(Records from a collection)

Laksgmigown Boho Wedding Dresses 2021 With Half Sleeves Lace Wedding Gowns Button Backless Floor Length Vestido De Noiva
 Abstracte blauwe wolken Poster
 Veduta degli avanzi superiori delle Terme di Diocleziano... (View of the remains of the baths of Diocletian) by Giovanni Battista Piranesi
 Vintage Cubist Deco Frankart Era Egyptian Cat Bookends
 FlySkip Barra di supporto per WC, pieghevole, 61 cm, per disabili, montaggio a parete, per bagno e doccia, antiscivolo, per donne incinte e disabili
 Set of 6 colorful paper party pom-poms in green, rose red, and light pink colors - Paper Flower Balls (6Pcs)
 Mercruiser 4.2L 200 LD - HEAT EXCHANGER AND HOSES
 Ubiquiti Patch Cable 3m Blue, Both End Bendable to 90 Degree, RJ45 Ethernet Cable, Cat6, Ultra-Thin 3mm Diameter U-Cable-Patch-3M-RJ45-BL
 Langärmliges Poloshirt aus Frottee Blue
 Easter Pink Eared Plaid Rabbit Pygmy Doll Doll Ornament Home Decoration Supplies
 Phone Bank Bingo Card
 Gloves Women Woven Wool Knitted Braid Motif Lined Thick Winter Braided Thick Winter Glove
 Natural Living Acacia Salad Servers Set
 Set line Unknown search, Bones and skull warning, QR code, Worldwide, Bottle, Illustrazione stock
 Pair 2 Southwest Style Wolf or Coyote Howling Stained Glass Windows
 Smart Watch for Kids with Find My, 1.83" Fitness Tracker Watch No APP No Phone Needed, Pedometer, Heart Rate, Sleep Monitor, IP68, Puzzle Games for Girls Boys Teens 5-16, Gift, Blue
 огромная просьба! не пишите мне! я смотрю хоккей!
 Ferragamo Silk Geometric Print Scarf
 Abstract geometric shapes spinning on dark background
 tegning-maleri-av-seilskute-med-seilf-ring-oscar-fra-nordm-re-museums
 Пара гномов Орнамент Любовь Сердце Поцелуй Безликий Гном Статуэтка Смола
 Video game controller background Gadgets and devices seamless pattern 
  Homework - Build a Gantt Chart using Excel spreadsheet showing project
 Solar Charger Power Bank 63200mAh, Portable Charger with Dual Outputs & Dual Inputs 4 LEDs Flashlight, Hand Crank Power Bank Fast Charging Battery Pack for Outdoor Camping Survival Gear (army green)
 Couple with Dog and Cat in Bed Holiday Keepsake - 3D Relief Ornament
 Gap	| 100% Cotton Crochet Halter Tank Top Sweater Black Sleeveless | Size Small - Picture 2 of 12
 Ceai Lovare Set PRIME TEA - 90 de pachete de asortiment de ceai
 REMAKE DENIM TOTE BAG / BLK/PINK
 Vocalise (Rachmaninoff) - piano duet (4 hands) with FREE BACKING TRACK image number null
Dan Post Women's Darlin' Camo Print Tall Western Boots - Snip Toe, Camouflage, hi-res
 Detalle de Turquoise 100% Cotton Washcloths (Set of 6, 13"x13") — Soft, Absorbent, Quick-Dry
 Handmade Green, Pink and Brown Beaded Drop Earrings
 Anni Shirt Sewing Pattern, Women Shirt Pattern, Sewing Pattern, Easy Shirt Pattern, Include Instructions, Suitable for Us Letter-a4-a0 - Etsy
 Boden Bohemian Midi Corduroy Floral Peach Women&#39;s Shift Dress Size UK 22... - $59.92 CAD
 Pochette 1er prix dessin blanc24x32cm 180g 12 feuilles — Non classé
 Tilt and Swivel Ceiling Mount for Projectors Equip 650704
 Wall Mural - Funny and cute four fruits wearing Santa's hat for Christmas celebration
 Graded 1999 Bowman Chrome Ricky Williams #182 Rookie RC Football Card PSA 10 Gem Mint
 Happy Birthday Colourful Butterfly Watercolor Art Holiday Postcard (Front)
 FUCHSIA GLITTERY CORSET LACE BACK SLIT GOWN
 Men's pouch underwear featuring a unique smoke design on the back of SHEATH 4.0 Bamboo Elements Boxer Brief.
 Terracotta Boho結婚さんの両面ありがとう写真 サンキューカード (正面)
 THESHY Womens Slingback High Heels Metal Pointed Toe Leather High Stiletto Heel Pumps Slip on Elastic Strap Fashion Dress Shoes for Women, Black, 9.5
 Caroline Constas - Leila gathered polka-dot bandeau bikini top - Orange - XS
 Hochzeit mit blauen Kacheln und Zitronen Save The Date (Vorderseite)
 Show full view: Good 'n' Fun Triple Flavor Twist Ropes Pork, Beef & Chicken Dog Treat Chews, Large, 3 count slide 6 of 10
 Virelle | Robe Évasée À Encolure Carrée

◆ **Exercise instructions**
Copy only this part of the entries above: the line with "Veduta degli avanzi", the line with "Vintage Cubist Deco", and the lines between, all exactly as written.

◆ **Written response**
 Veduta degli avanzi superiori delle Terme di Diocleziano... (View of the remains of the baths of Diocletian) by Giovanni Battista Piranesi
 Vintage Cubist Deco Frankart Era Egyptian Cat Bookends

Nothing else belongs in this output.